■ **Information supplied**
┄┄┄┄┄┄┄┄┄┄┄┄┄┄┄┄┄┄┄┄
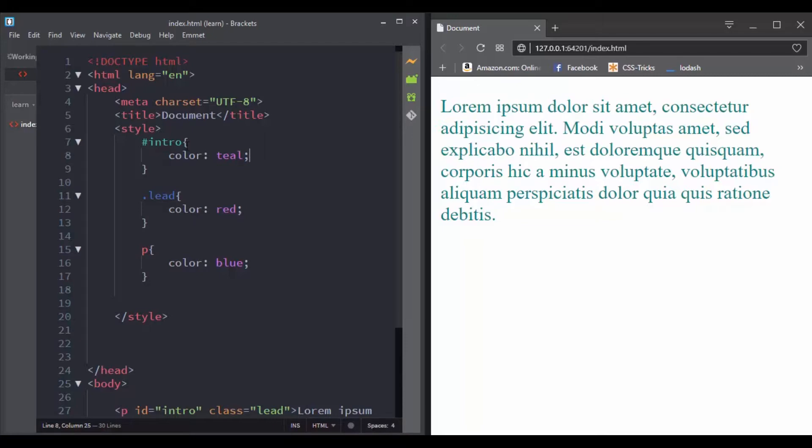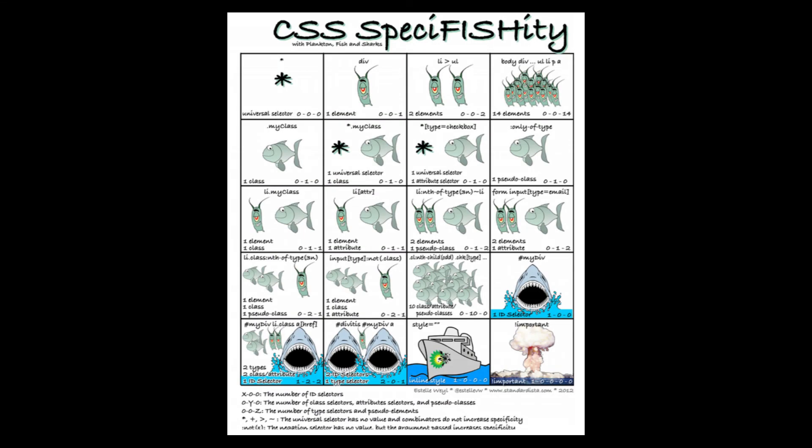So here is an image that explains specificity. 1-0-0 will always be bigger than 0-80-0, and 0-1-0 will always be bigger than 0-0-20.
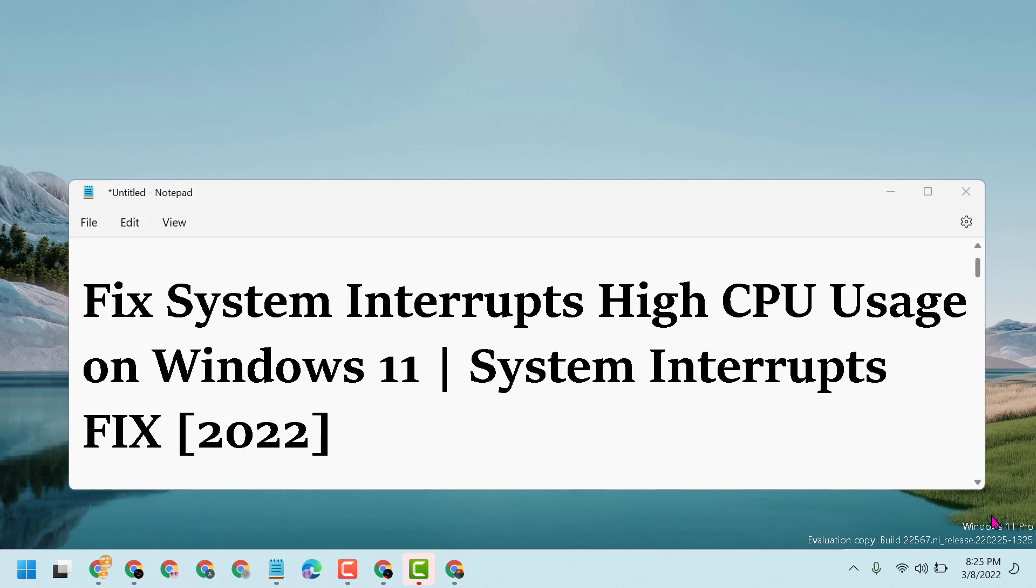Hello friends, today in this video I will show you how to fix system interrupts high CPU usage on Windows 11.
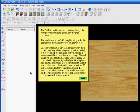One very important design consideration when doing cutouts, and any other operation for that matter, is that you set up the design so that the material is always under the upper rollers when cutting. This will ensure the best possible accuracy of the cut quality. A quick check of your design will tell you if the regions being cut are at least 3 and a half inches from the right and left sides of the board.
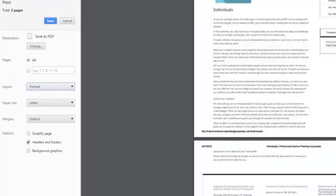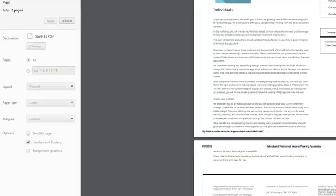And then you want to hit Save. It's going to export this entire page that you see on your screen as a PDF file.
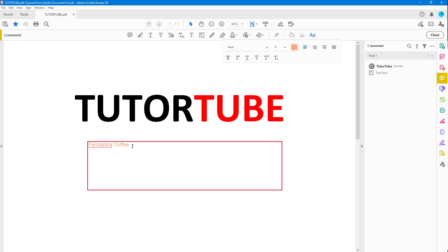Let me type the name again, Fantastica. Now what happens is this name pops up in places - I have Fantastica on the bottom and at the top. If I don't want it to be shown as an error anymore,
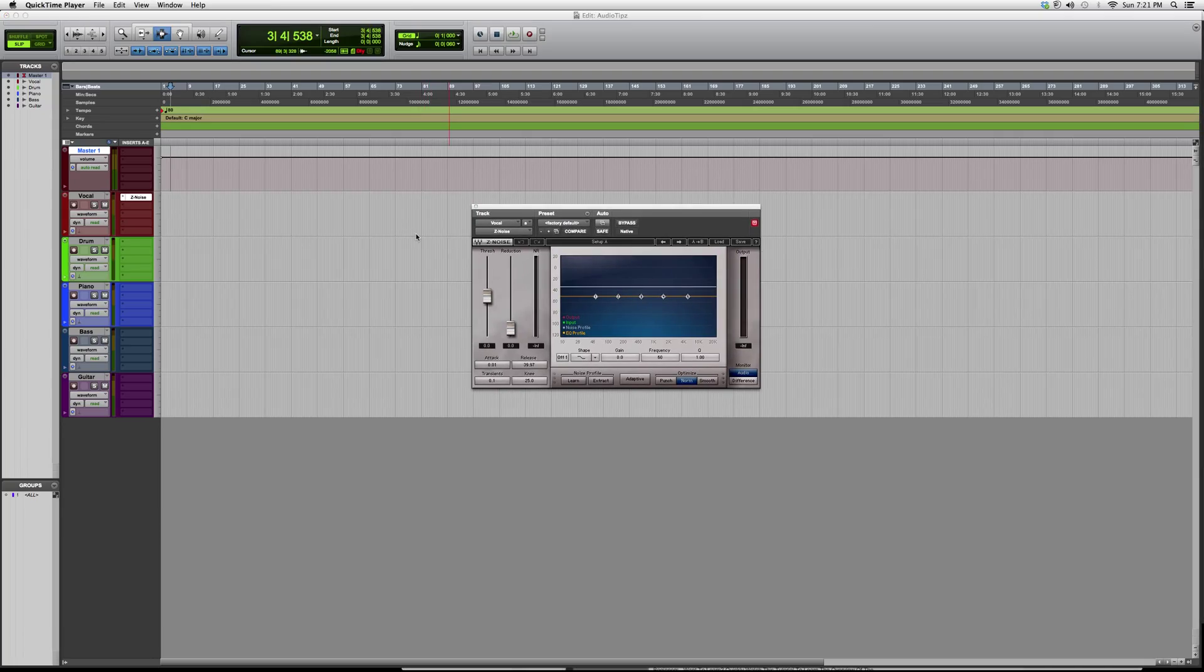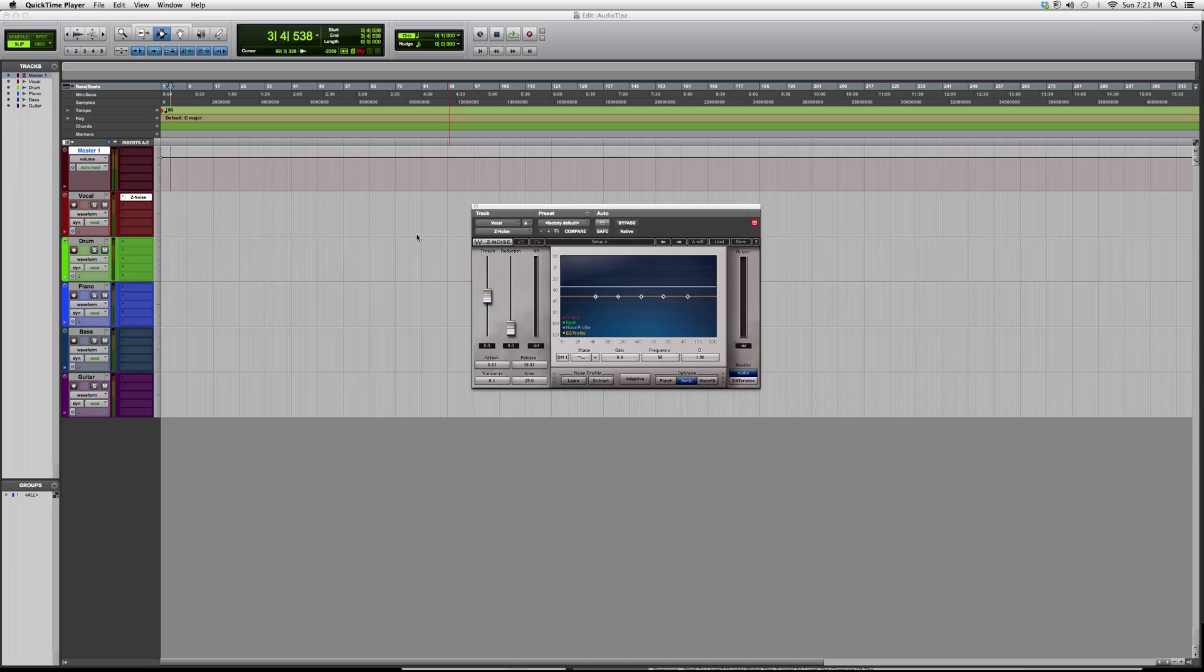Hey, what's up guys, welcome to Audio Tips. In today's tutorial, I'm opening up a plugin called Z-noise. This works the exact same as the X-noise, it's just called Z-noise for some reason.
┄┄┄┄┄┄┄┄┄┄┄┄┄┄┄┄┄┄┄┄
■ **Task objective**
Restate word for word the lines that begin at the one containing "Let me type" and end with the final line of the records. Pictures stay out.

■ **Result for this exercise**
Let me type the name again, Fantastica. Now what happens is this name pops up in places - I have Fantastica on the bottom and at the top. If I don't want it to be shown as an error anymore,
Hey, what's up guys, welcome to Audio Tips. In today's tutorial, I'm opening up a plugin called Z-noise. This works the exact same as the X-noise, it's just called Z-noise for some reason.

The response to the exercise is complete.